Today, thanks to materials science breakthroughs in semiconductor technology, touchscreen displays, and batteries, children and executives alike can access smartphones with a 6+ inch OLED (Organic Light Emitting Diode) touchscreen displays, 256+ gigabytes of storage, integrated 1080p cameras, and endless other features.
By the end of 2018, we’ll have over 2.5 billion smartphones in use, according to projections.
Let’s extrapolate the user interface moment for mobile devices allowed by materials science breakthroughs to the current state of AR and VR.
Today, bulky, expensive, and hard-to-use VR headsets dominate the industry.
VR headsets are ripe for precisely the same types of materials breakthroughs that enabled the smartphone era.

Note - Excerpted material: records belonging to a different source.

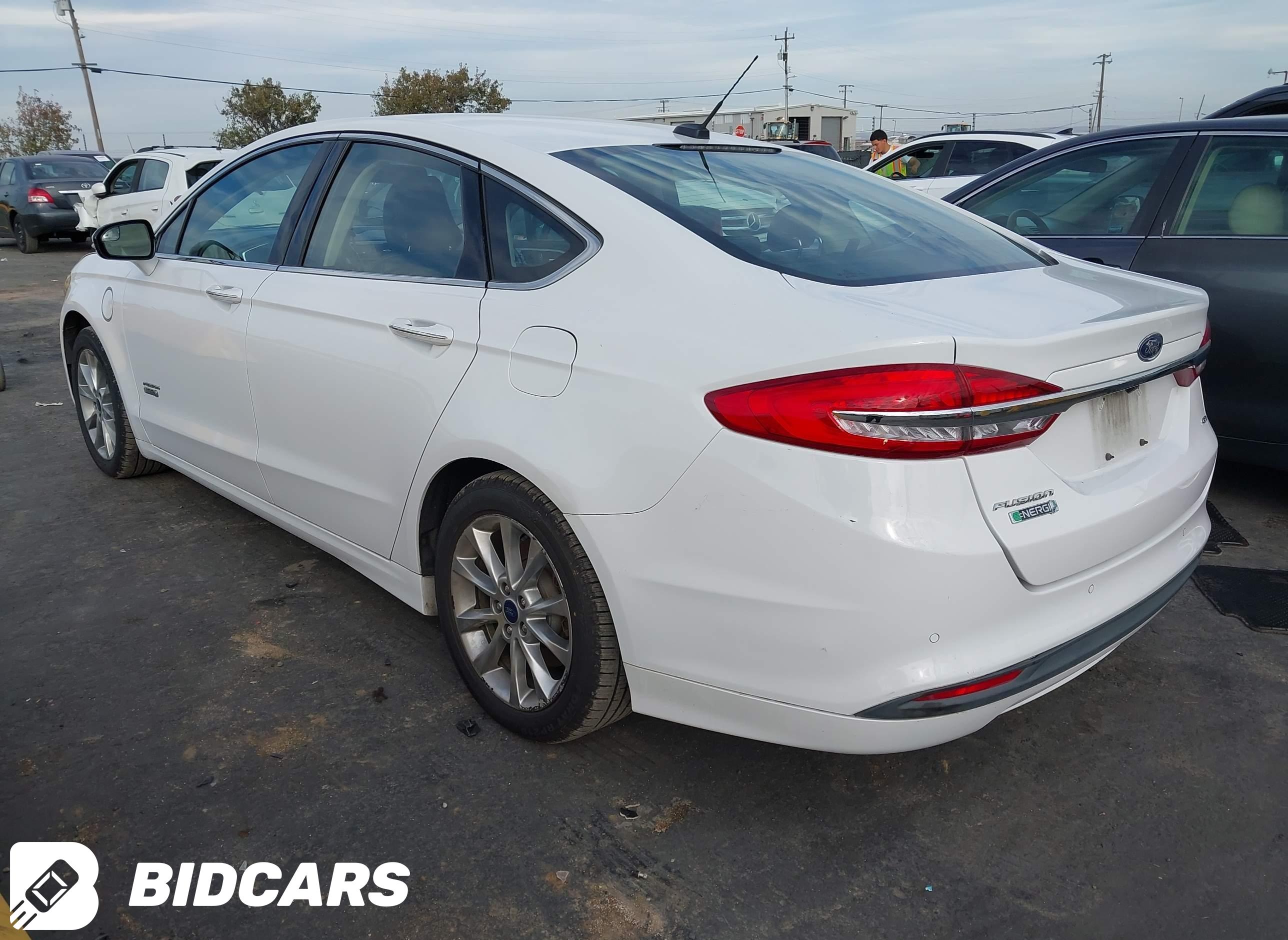 2017 Ford Fusion, Energi Se L...
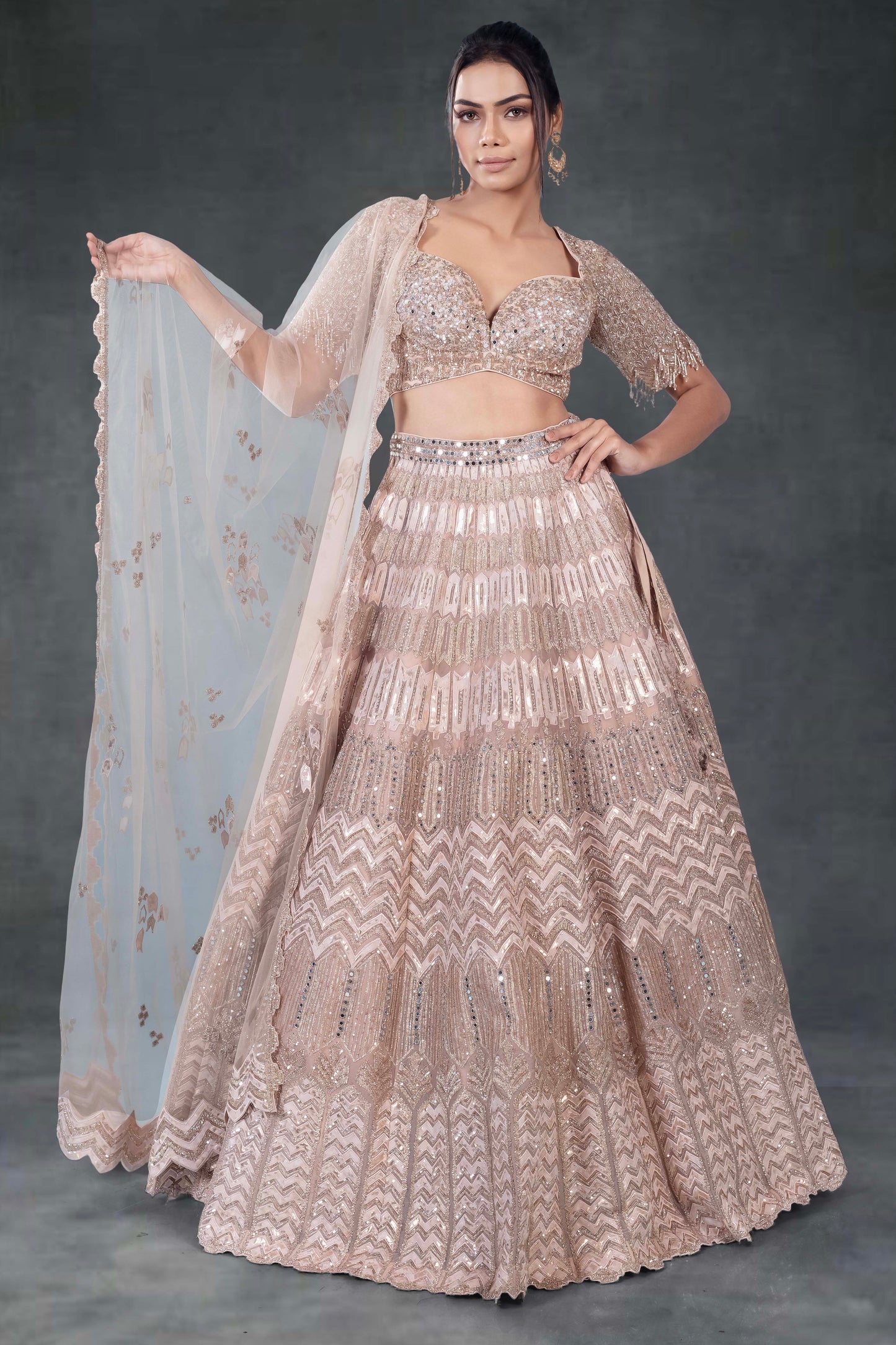 Bridal Lehenga BL-332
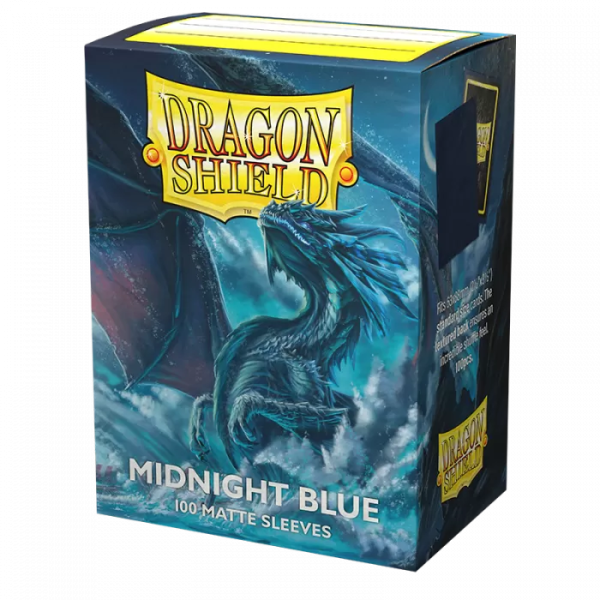 Dragon Shield Sleeves Matte - Midnight Blue (100pk) Supply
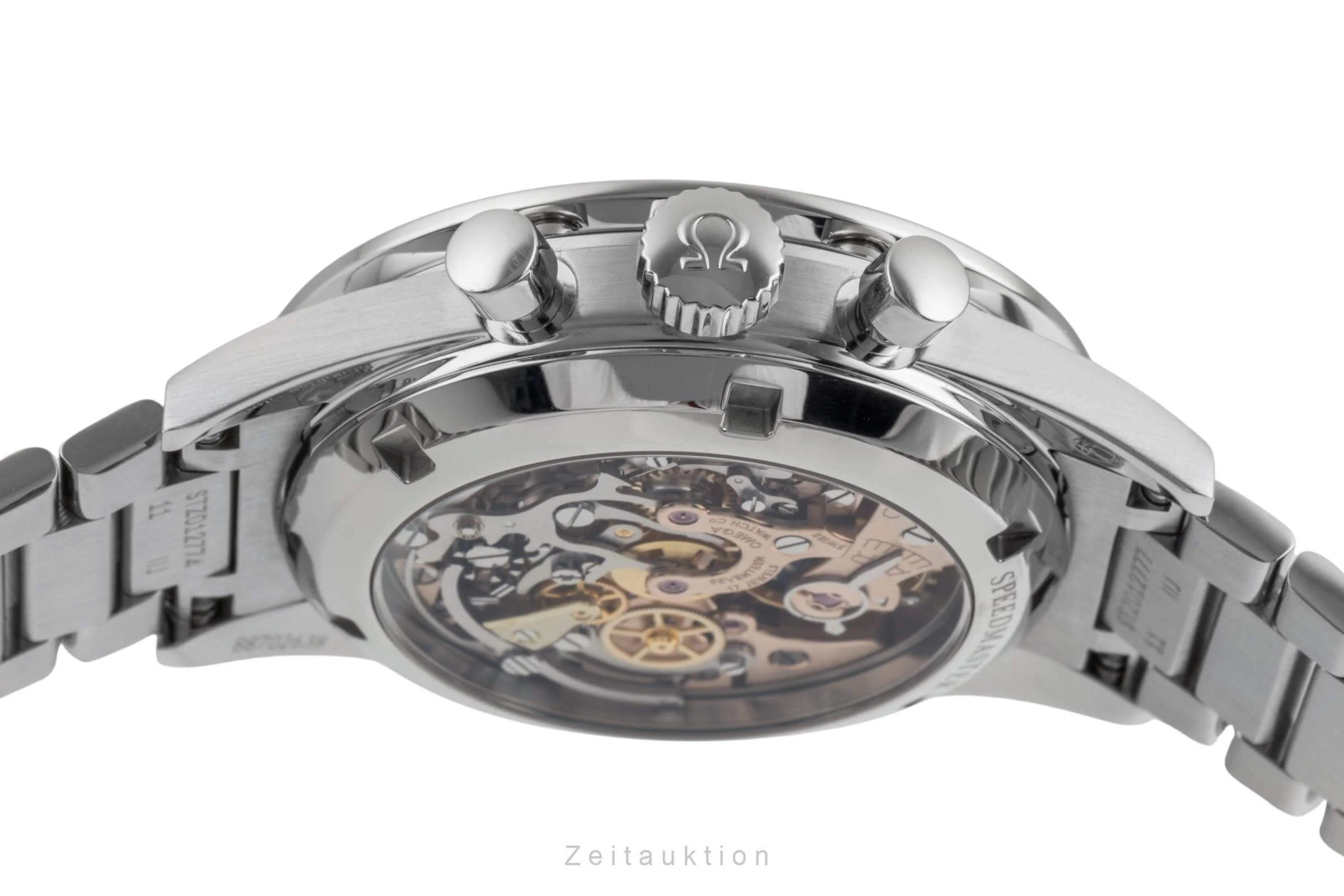 Omega Speedmaster Moonwatch chronograph steel manual winding men's watch 311.30.40.30.01.001  [2402502] - Image 10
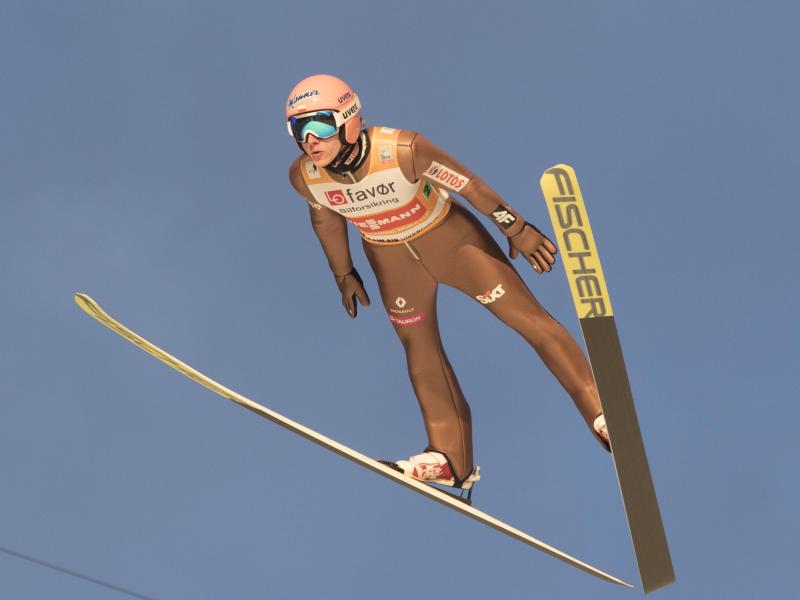 Dawid Kubacki hat auch den zweiten Wettbewerb des FIS Sommer Grand Prix gewonnen Dawid Kubacki hat auch den zweiten Wettbewerb des FIS Sommer Grand Prix gewonnen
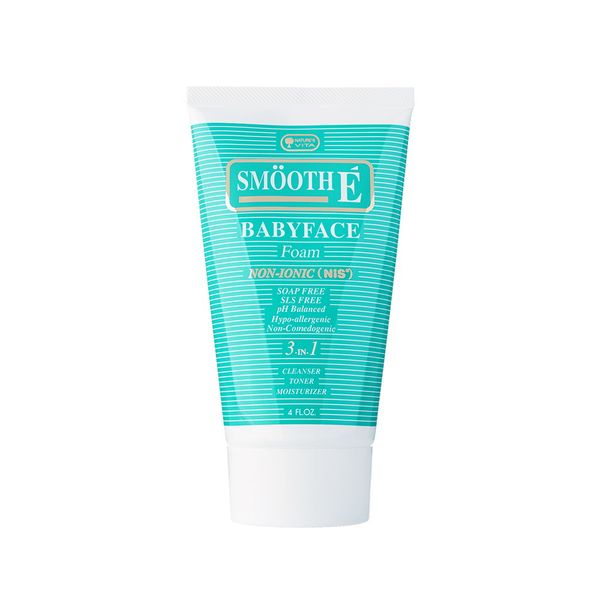 Smooth E Babyface Foam โฟมล้างหน้า ขนาด 4oz.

Some of the materials breakthroughs anticipated to come in and accelerate VR technology:
- OLED display advances that allow headset resolution to increase from 500 pixels per inch to 3,000+ pixels per inch
- Optics will move from today’s traditional structures to thin films on the order of nanometers in thickness
- Memory improvements to store large VR graphics files
- Energy efficient processors and graphic cards will enable better, faster performance
- Battery advances to power the large energy requirements of running high-quality graphics
The future of AR and VR lies in sleek, slim, lightweight, and beautiful headsets that seamlessly integrate with our day-to-day lives. Thanks to coming materials advances, our future devices will be cheaper, thinner, faster and more powerful.